5. What does a “no” vote mean?
Answer: A “no’ vote means the current landowner will be allowed, under a Planned Development, to build up to 480 units of mixed-use housing (including single family homes, townhomes, and apartments) on 90 acres of the site, but must leave a total of 30 acres spread throughout the site that will be undeveloped but privately owned space. The timing of any construction decision would be up to the owner. While the owner is free to sell the property to a third party, any new owner would be bound by the same approvals and restrictions that currently apply in the Planned Development.
6. Is there a difference to my taxes if the land develops vs. if it doesn’t?
Answer: Assuming the property was already developed with the full 480 units and with the mix and per unit values projected by the developer, the property would generate approximately $432,000 annually in Eagan property taxes (estimated revenue calculated at 2009 rates and home values.) While additional homes mean additional revenues, there could be additional City expense to extend City services (police, fire, etc.) into a new neighborhood. The extent of any service level demand or expense is unknown and unquantifiable at this time. If the referendum passes, on the other hand, the City will pay approximately $852,000 per year for 20 years to acquire the property. City-owned land is typically removed from the tax rolls and does not generate property tax income.
7. What happens if I don’t vote either “yes” or “no” on the ballot question?
Answer: Unlike a state constitutional amendment question, a non-vote on this Eagan ballot question has no effect on the outcome, other than to reduce the number of voters on the question. A non-vote is not counted for or against the question. The question is decided by a majority of those who do vote either “yes” or “no.”
8. Why isn’t there one specific land use or public purpose for the property identified in the ballot question?

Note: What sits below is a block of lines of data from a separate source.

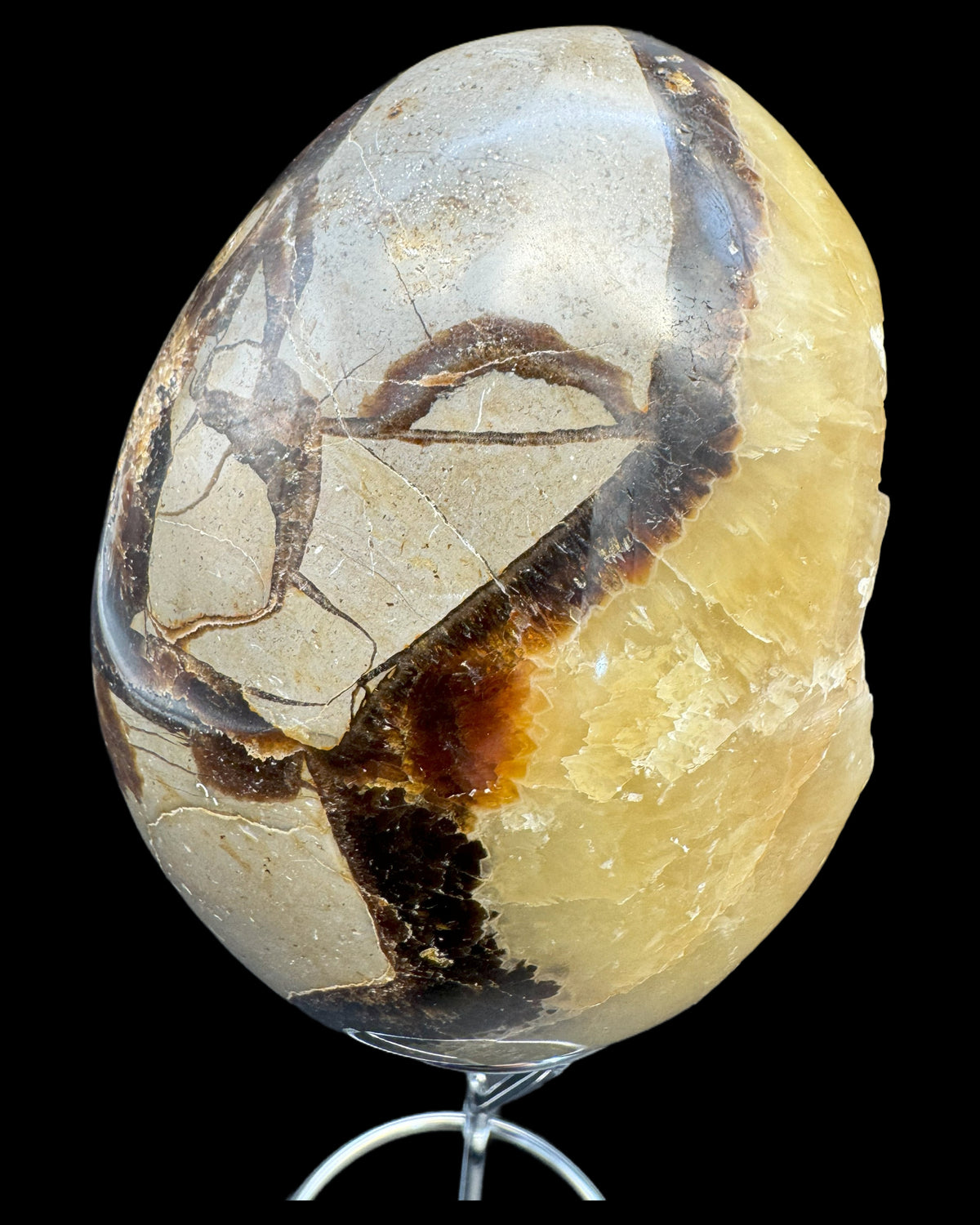 Septarie Ei (561g) - gross mit sehr schöne Druzys - crystal paradise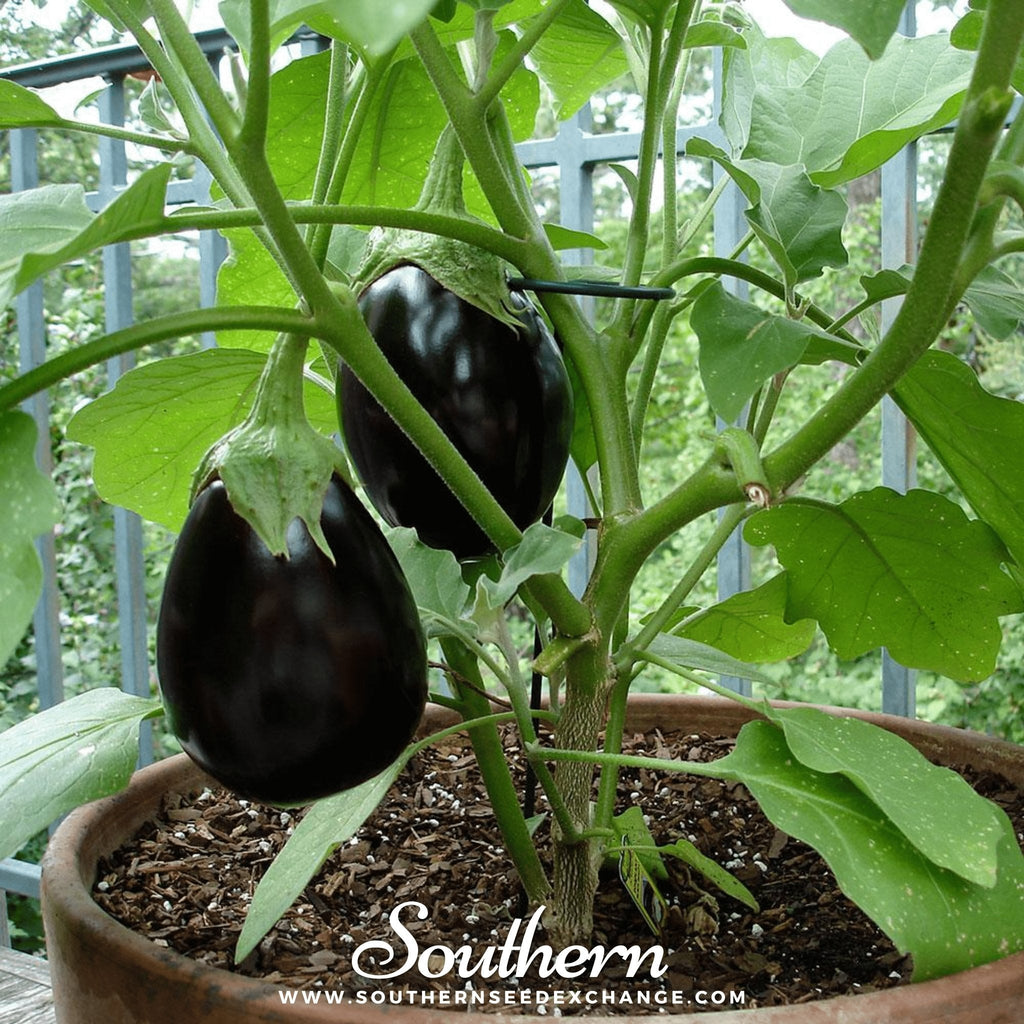 Black Beauty Eggplant – 50 Seeds Southern Seeds
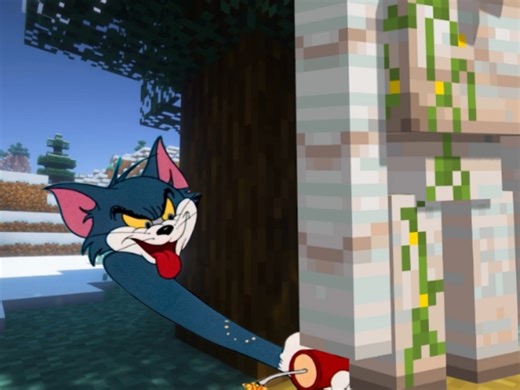 【搬运】汤姆速通我的世界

Answer: The question comes before the voters as a result of contingent settlement of a four year lawsuit against the City. Following that settlement, two public open houses were held prior to the adoption of the ballot question. Approximately 80 residents offered numerous ideas of how the land could or should be used. The complete list will be posted here soon, however, the Council selected the following land uses for the ballot question: public facilities, recreation, and open space uses.
9. What’s allowed under those three uses: public facilities, recreation, and open space?
Answer: Check this Web site for a Carriage Hills Visioning Statement to be adopted by the City Council in October. It will be posted as soon as it is available.
10. Should the referendum pass, what would happen next?
Answer: The City would then purchase the land in January of 2009, per the settlement agreement, for the agreed upon purchase price. The land would then be held for use to meet future public needs or desires. There is no immediate proposal for what to do with the land. A public process to evaluate needs, costs, and benefits, for future public facilities, open space and recreational opportunities is anticipated to occur prior to land use decisions by the City Council.
11. Does the $10.25 million include operational or development dollars to accomplish any of the three types of land use?
Answer: The bond amount is only sufficient to acquire the property and pay for the cost of issuing the bonds. There is no additional money set aside for any public improvements or development.
12. Has the City Council taken a position on the referendum either for or against?
Answer: No, while individual Council Members may have an opinion, the Council as a whole does not and cannot have a position for or against the ballot question.